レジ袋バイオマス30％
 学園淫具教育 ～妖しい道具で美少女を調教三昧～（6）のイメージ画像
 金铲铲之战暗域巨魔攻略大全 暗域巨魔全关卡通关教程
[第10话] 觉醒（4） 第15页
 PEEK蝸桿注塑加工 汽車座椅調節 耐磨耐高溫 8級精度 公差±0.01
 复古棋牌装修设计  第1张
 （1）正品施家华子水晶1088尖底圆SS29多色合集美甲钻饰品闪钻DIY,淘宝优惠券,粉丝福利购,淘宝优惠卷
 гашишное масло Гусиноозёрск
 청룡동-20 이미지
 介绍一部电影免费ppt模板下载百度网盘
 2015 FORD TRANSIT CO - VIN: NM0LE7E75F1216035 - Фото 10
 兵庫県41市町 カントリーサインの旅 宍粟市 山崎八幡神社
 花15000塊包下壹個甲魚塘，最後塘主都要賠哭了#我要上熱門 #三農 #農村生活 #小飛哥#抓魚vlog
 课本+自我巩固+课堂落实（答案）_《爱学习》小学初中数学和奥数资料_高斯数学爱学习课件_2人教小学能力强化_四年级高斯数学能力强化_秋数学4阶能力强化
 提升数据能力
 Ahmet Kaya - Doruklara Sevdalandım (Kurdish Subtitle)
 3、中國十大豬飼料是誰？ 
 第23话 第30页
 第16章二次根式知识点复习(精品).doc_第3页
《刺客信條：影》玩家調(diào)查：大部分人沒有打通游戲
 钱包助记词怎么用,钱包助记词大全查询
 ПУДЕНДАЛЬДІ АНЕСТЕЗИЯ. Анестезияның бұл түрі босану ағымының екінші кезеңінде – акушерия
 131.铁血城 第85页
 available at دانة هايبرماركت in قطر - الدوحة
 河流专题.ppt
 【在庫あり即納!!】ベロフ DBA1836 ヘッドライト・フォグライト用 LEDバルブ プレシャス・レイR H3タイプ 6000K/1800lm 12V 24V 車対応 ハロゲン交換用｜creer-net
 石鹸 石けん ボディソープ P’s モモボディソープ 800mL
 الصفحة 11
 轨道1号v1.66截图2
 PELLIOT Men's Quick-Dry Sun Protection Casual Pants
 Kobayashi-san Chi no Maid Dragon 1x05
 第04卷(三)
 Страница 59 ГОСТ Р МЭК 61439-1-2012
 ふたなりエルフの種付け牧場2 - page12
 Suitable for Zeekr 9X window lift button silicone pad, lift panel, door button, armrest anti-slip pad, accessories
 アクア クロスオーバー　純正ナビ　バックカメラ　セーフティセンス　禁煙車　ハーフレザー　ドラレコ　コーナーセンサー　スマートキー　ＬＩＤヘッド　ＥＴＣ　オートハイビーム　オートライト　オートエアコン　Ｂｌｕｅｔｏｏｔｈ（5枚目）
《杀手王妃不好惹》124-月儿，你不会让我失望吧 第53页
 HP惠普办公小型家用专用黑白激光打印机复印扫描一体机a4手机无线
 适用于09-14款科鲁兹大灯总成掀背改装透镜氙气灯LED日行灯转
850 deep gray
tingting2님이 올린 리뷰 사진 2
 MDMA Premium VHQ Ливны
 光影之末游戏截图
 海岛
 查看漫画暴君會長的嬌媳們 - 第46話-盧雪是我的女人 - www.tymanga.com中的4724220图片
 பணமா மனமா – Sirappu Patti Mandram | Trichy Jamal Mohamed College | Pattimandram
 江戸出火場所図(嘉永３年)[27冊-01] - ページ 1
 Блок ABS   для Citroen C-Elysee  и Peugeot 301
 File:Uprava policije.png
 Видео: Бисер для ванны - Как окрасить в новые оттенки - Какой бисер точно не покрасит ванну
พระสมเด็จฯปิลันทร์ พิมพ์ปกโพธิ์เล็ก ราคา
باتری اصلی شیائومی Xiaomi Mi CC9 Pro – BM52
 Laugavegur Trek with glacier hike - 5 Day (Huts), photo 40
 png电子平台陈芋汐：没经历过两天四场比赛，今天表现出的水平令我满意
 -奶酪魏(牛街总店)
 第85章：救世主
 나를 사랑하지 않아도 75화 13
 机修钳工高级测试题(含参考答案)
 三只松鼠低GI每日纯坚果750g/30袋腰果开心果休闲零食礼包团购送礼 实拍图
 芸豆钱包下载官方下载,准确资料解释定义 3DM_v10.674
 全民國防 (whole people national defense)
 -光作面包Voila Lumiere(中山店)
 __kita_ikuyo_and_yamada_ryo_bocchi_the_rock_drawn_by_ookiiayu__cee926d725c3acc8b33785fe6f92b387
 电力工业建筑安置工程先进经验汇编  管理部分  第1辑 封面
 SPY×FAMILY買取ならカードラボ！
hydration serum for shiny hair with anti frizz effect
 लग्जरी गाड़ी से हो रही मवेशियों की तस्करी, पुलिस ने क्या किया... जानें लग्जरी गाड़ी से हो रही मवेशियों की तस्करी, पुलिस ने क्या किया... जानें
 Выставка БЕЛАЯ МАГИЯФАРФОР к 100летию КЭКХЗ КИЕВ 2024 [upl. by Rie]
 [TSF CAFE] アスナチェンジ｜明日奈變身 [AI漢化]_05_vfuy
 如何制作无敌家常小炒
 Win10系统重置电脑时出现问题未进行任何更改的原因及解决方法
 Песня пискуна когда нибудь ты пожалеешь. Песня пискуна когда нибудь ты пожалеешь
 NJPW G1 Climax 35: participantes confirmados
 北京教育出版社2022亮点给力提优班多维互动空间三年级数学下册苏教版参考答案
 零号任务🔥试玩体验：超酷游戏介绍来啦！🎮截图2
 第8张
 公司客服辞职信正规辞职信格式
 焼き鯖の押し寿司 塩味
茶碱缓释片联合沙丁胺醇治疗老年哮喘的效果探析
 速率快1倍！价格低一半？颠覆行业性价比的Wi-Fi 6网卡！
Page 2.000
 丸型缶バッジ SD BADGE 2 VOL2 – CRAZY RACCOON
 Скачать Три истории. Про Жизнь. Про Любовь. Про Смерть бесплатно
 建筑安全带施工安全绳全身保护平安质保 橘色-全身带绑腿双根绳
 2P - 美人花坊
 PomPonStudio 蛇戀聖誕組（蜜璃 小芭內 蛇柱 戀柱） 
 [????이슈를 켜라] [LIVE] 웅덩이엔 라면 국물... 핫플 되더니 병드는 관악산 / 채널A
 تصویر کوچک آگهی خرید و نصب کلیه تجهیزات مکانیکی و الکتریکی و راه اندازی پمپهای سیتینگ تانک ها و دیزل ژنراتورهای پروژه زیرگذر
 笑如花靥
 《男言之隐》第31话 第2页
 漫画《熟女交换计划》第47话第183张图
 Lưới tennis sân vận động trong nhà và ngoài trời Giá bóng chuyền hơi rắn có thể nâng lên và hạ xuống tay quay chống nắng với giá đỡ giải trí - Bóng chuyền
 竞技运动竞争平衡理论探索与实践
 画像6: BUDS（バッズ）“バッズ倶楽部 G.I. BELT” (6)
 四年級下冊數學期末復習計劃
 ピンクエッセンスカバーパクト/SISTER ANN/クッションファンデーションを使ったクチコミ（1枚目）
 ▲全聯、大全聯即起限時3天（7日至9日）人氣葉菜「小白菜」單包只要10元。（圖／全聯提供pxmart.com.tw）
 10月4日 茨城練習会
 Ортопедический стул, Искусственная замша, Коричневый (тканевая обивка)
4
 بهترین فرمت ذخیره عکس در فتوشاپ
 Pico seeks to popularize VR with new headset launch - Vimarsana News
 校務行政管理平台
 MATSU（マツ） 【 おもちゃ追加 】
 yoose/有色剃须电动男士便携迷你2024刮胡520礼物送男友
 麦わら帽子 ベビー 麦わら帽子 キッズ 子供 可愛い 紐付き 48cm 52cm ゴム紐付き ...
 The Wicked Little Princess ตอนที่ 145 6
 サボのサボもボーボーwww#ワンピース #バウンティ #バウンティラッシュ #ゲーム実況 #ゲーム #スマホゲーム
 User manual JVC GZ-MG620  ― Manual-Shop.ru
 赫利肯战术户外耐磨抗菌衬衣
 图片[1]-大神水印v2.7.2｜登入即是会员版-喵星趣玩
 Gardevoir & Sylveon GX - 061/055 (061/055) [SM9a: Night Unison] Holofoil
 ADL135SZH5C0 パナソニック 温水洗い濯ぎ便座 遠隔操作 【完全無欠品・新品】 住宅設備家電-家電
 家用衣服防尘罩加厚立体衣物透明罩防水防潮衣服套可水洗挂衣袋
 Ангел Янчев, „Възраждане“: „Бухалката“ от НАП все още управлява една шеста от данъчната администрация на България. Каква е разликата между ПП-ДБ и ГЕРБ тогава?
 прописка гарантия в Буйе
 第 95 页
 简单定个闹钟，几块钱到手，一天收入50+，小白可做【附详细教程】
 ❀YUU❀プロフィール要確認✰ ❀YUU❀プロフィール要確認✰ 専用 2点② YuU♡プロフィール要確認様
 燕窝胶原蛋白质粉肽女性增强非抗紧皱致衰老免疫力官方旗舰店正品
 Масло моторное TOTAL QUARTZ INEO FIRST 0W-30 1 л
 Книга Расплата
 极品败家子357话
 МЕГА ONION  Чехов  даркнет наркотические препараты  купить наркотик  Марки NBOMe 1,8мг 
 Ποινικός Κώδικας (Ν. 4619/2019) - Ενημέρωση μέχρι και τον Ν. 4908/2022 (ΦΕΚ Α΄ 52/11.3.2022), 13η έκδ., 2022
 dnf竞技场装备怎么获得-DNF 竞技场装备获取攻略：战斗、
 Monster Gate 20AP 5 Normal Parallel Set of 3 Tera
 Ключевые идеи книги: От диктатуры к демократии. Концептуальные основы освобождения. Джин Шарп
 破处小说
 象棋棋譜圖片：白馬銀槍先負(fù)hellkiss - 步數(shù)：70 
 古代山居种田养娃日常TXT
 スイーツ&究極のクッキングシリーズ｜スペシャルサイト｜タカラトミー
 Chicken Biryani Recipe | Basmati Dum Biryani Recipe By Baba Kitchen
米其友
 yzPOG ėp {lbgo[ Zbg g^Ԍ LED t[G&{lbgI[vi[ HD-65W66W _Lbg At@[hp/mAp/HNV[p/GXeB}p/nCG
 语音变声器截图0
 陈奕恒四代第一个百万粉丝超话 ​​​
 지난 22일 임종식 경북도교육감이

+ + + + +

> _ABOUT THIS EXERCISE_: Which lines above include the string "with"? Show them.

> _RESPONSE BOX_:
 Laugavegur Trek with glacier hike - 5 Day (Huts), photo 40
hydration serum for shiny hair with anti frizz effect
 Pico seeks to popularize VR with new headset launch - Vimarsana News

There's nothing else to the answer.